Hi everyone,
It occurred to me that our insistence on dynamic linking for the
standard library is likely to cause performance problems. This has been
lingering at the back of my mind for a while, although my fears have
been allayed to some degree so far by the fact that trivial standard
library routines rarely show up in profiles. But it occurred to me that
there's one small class of functions that we really can't get away with
not inlining: simple iterators.
Consider uint::range(). This is the preferred way to do a C-style for
loop in Rust. Up to this point we've been preferring to write C-style
for loops as while loops, as near as I can tell, due to some early
flakiness in rustboot, and for performance reasons.

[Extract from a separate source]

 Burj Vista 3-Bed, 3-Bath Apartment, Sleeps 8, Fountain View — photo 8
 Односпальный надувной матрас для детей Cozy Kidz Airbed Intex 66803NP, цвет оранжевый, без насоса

While loops work fine. But while loops aren't something we want
programmers to have to write to get good performance out of their loops.
They're a quite low-level construct. I've been burned many, many times
while writing Rust code by forgetting to increment the loop counter.

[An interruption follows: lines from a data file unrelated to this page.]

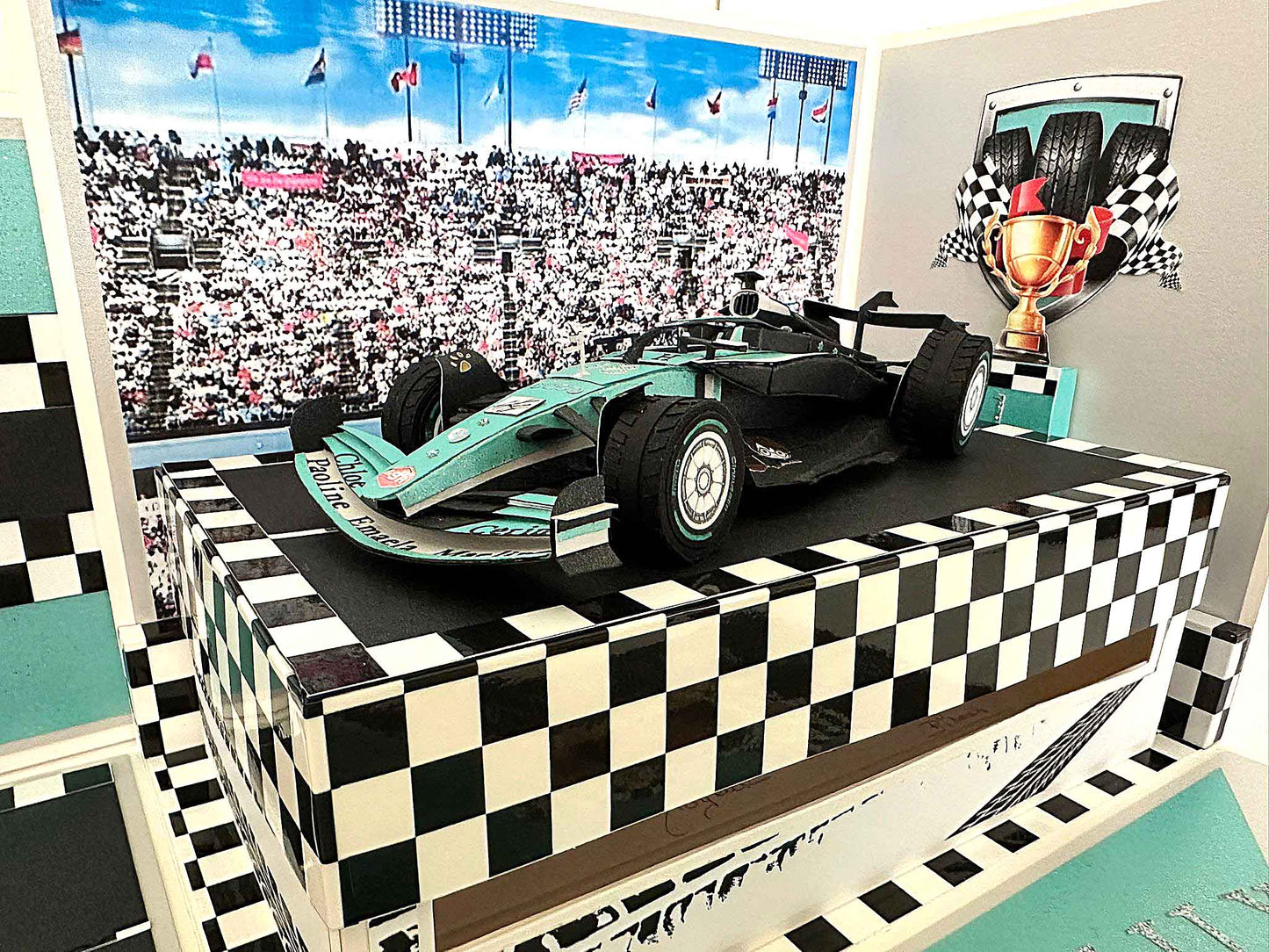 Maquette Formule 1 personnalisée – Création artisanale sur mesure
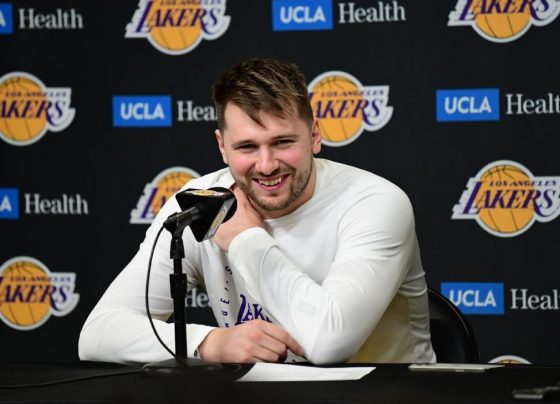 ‘Não lembro da última vez que fiquei tão nervoso num jogo’: as impressões de Doncic na estreia pelos Lakers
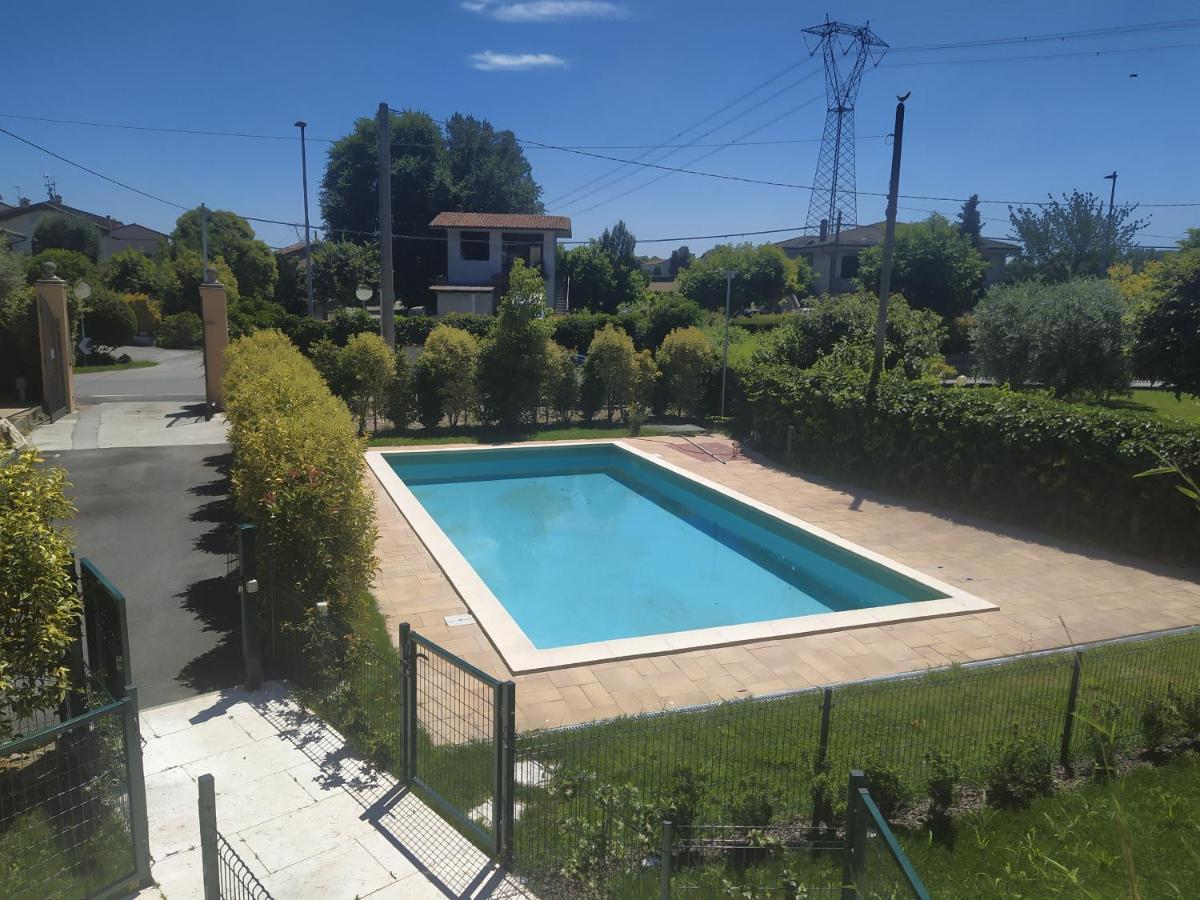 Residenza Gelsomino Desenzano del Garda Exterior foto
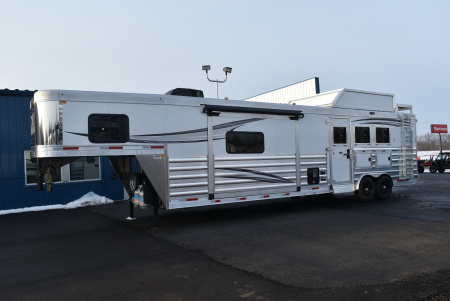 New 2026 Merhow Trailers Summit 8316 Horse Trailer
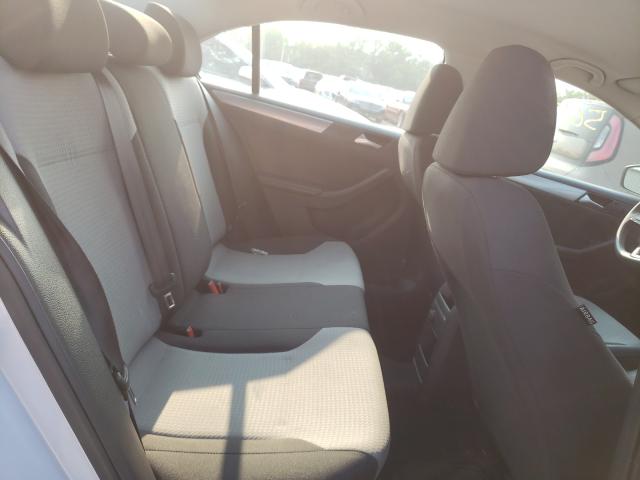 Photo 6 from auction – 2017 VOLKSWAGEN JETTA S with VIN 3VW2B7AJ5HM260869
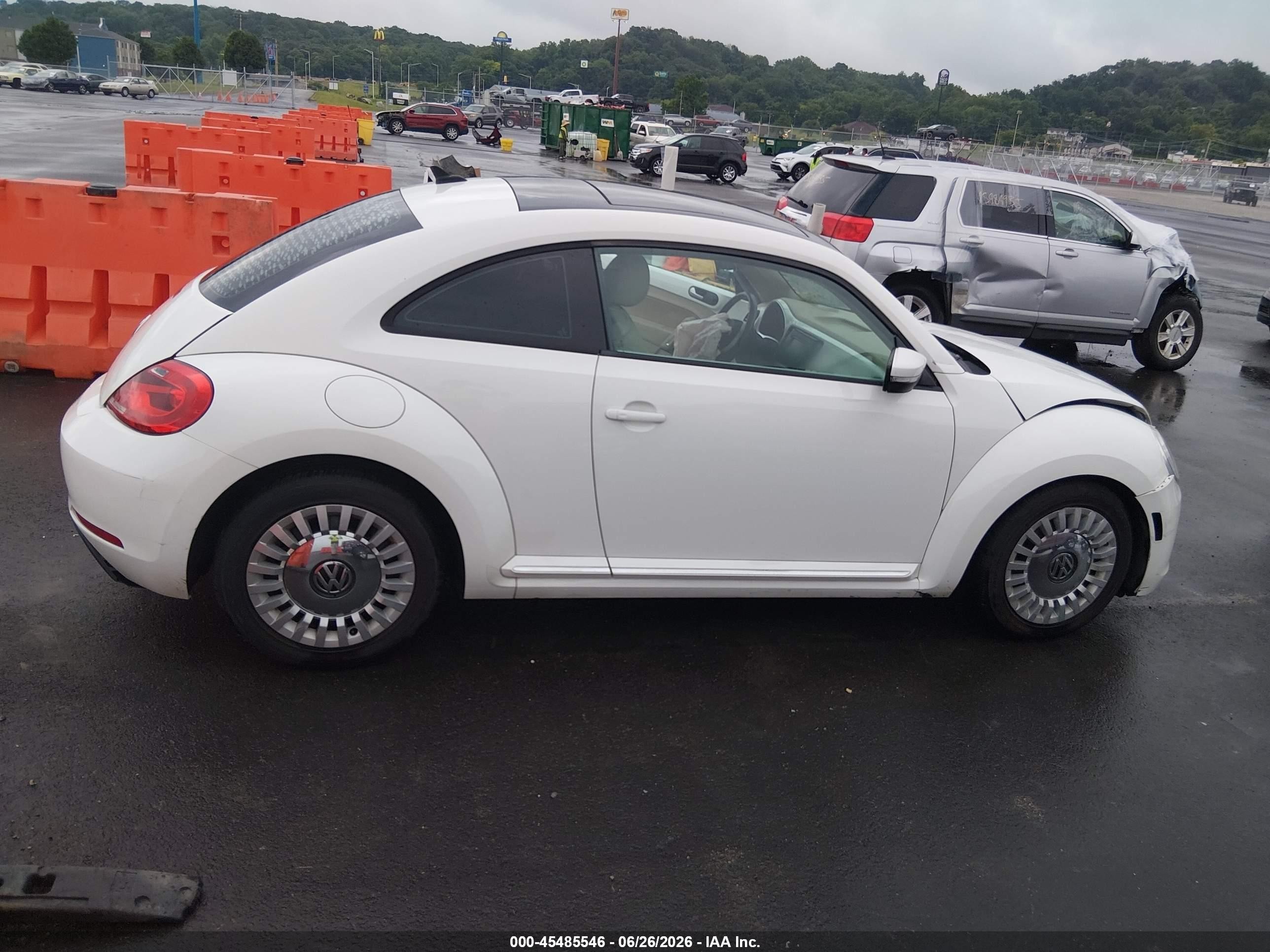 2013 Volkswagen Beetle 2.5l White vin: 3VWJX7AT6DM683775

At the moment, *each iteration* of uint::range() requires not one, but
two indirect function calls, both across boundaries that are opaque to
LLVM (indeed, each boundary is a DLL boundary). This is likely not going
to work; we're inhibiting all loop optimizations and forcing new stack
frames to be created for every trip around the loop.
I'm pretty sure that LLVM can inline away the overhead of range(), by
first inlining the iterator itself, then inlining the for-each body.
But, in order to do that, it needs to statically know the iterator
definition. So range() can't be dynamically linked anymore. The simplest
solution I can think of is to allow both static and dynamic library crates.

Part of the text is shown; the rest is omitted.